I have 4-5 gens in some of my dogs, but don't think I have a bloodline, I still refer to my dogs as LJ, or colby, or whatever. Now I really admire someone who has their name 5 or 6 gens deep on a ped, and I consider them having a bloodline, I can only hope that one day I will be so lucky.


----------



## apbtmom76 (Nov 4, 2008)

hmmm very interesting ladies, tahnk you very much, And I would like for it to be a sticky Lindsay, taht is ag reat idea


----------



## American_Pit13 (Apr 23, 2007)

Yeah what those other 3 said.....

http://www.gopitbull.com/bloodline-discussion/17292-bloodline-thread.html


----------



## apbtmom76 (Nov 4, 2008)

Thank you Holly


----------



## junkyard (Oct 14, 2010)

You are realy creating your own bloodline the moment that you start breeding, but before you start to get a certain standard of what you are after it takes time. 

Logically the task would be impossible to calculate. 

I know of a fella who has been breeding for twenty years if he concentrates on a specific bloodline ie chinaman, and has been for twenty years it may be concentrating on that specific line but realy its now his bloodline.


----------



## rosesandthorns (Nov 1, 2008)

Thanks for posting for me Tye!
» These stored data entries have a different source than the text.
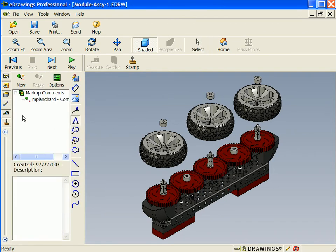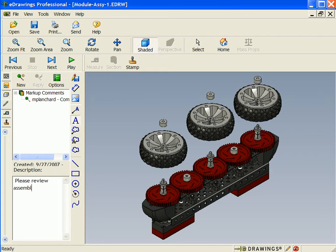I can input markup comments that indicate my name and a description of those comments. In addition, I can do markups in red balloons directly on the eDrawing.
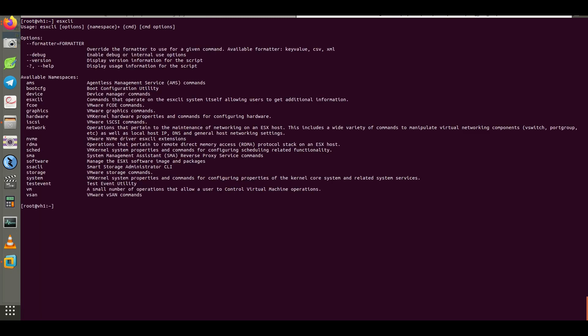Hello everybody. In this video, I want to review ESX CLI command line with focus on software syntax. Let's begin.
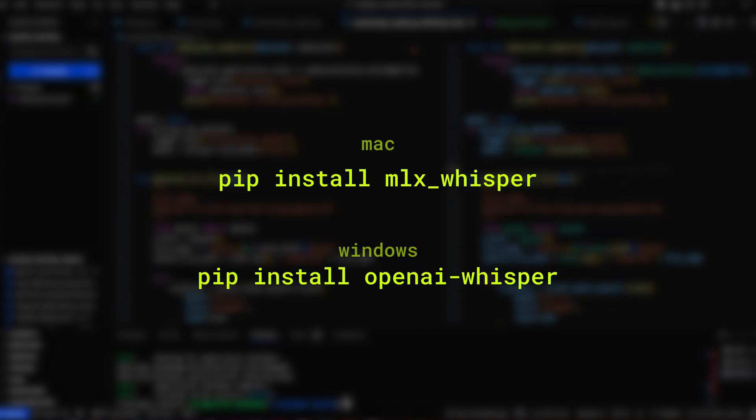To get started, I simply install the MLX Whisper module on my Mac. If you are on Windows, you can also use the official OpenAI Whisper module.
This will be of help for sure.


----------



## LadyRampage (Apr 11, 2009)

Hey Loretta what is the next show your going to??


----------



## william williamson (Feb 26, 2006)

junkyard said:


> You are realy creating your own bloodline the moment that you start breeding, but before you start to get a certain standard of what you are after it takes time.
> 
> Logically the task would be impossible to calculate.
> 
> I know of a fella who has been breeding for twenty years if he concentrates on a specific bloodline ie chinaman, and has been for twenty years it may be concentrating on that specific line but realy its now his bloodline and chinaman is the foundation.


finished it for you.
I didn't weigh in on this one,I guess it's so hard to be old dog in the new dog realm.
folks so rapidly disqualify things that they truly have no knowledge of,or experience with and it becomes argumentative,IMMIDIATELY.

this is the second thread today that went poo poo.
in my present world,today,I would rather not argue the point.


----------



## LadyRampage (Apr 11, 2009)

william williamson said:


> finished it for you.
> I didn't weigh in on this one,I guess it's so hard to be old dog in the new dog realm.
> folks so rapidly disqualify things that they truly have no knowledge of,or experience with and it becomes argumentative,IMMIDIATELY.
> 
> ...


Ok, no offense but I'm a little lost when you say this thread went poo poo...and about not arguing the point??

I for one was thinking just general knowledge response were on here, and would love to hear your thoughts/input.


----------



## apbtmom76 (Nov 4, 2008)

WW - I too would like to hear some input from you as well as FH. I posted this so we could all talk about it.

JY - I think I will agree with you on that being his own bloodline even though CHinaman is the foundation line. Nice info.

Loretta - you are welcome girl  Can't wait to see you  Hugs


----------



## Old_Blood (Jan 10, 2008)

It's impossible to say. There are many well known bloodlines and some not so well known. 

A bloodline can loosely be defined as related descendants from a common ancestor. However there is a difference between a true and successful line vs simply breeding related dogs together. Tech its still a bloodline, but what I look for is to see consistency. A breeder should have goals for their program, they need to selectively breed and cull to obtain such goals. In the long run they should be able to establish a bloodline that will produce certain traits with a reasonable predictability.


----------



## apbtmom76 (Nov 4, 2008)

wow very nice OB, thank you for that input, I would have to agree with you


----------



## Buddy's Master (Dec 18, 2012)

Which bloodlines are the very first, original of the Apbt. Lightner's, Colby's, etc?


----------



## mlb (Nov 7, 2012)

I think your post sums it up well Old_Blood. I can relate it to a dog man that I knew and he bred his dogs based on the Ch.s that he had; Sooner (Jimmy Boots stuff), Buster (Boomerang) and Mr. Shorty (not sure, possibly "Stu Fowler" blood). Great dogs from great dog lines; but not his.


----------